--- DATA BLOCK ---

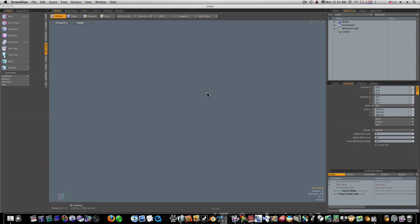Hello everybody and welcome back to Modo land. In this tutorial we're going to talk about bevels, the wonderful world of bevels, because we really couldn't do any 3D modeling without the wonderful bevel, at least not easily anyway.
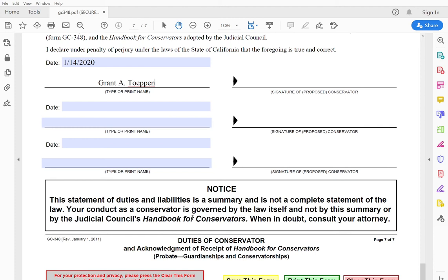This is probably the easiest form of the form set, but I want to double down on saying that you should check the handbook for conservators. Since I'm talking about limited conservatorships today, just check out the limited conservatorship section. It's not very long and it has a lot of really good information. So please check that out. All right. Thanks everyone. Have a good one. Bye.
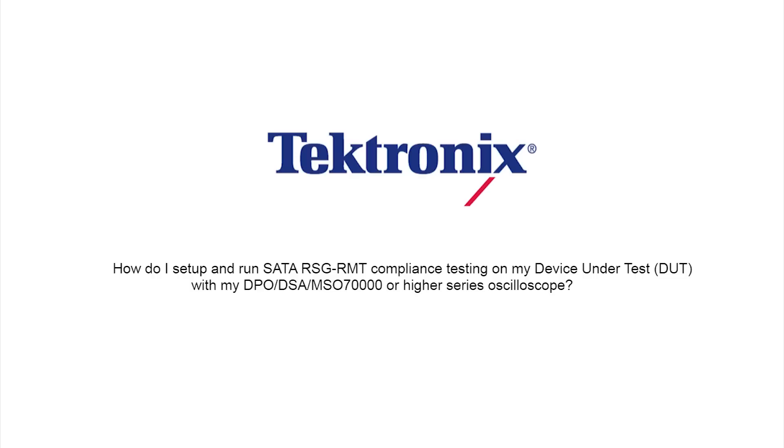Hello and welcome to Tektronix. Today we're going to teach you how to do SATA RSG compliance testing on your device under test with a DPO 70,000 series oscilloscope and an AWG.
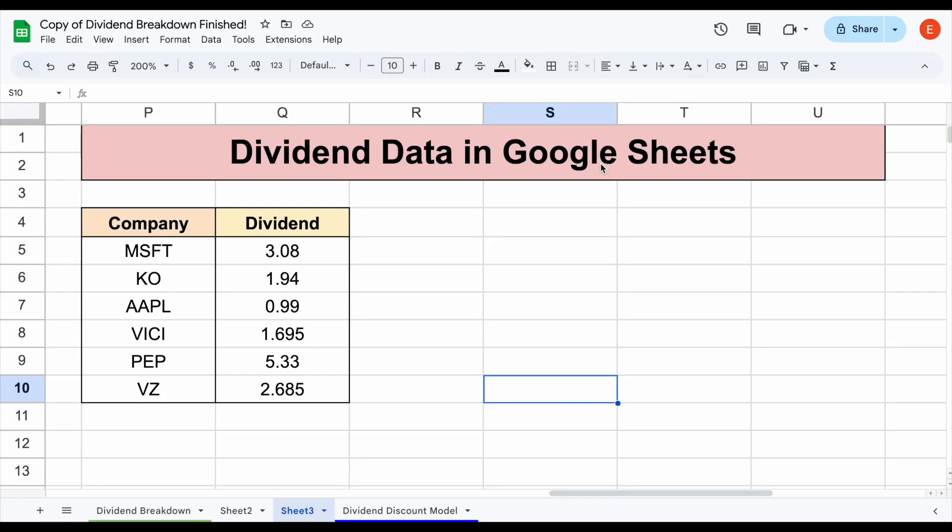In this video, I'm going to be taking you step-by-step and showing you how you can get dividend data in Google Sheets, along with a lot of other cool dividend metrics, such as dividend yield, record date, payment date, ex-dividend date, declaration date, and things like payout ratio as well.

---

-- DESCRIPTION OF THE TASK --
Only the lines from the line holding "This is probably" through the last line above belong in the answer, repeated exactly; the pictures do not.

-- RESULT BELOW --
This is probably the easiest form of the form set, but I want to double down on saying that you should check the handbook for conservators. Since I'm talking about limited conservatorships today, just check out the limited conservatorship section. It's not very long and it has a lot of really good information. So please check that out. All right. Thanks everyone. Have a good one. Bye.
Hello and welcome to Tektronix. Today we're going to teach you how to do SATA RSG compliance testing on your device under test with a DPO 70,000 series oscilloscope and an AWG.
In this video, I'm going to be taking you step-by-step and showing you how you can get dividend data in Google Sheets, along with a lot of other cool dividend metrics, such as dividend yield, record date, payment date, ex-dividend date, declaration date, and things like payout ratio as well.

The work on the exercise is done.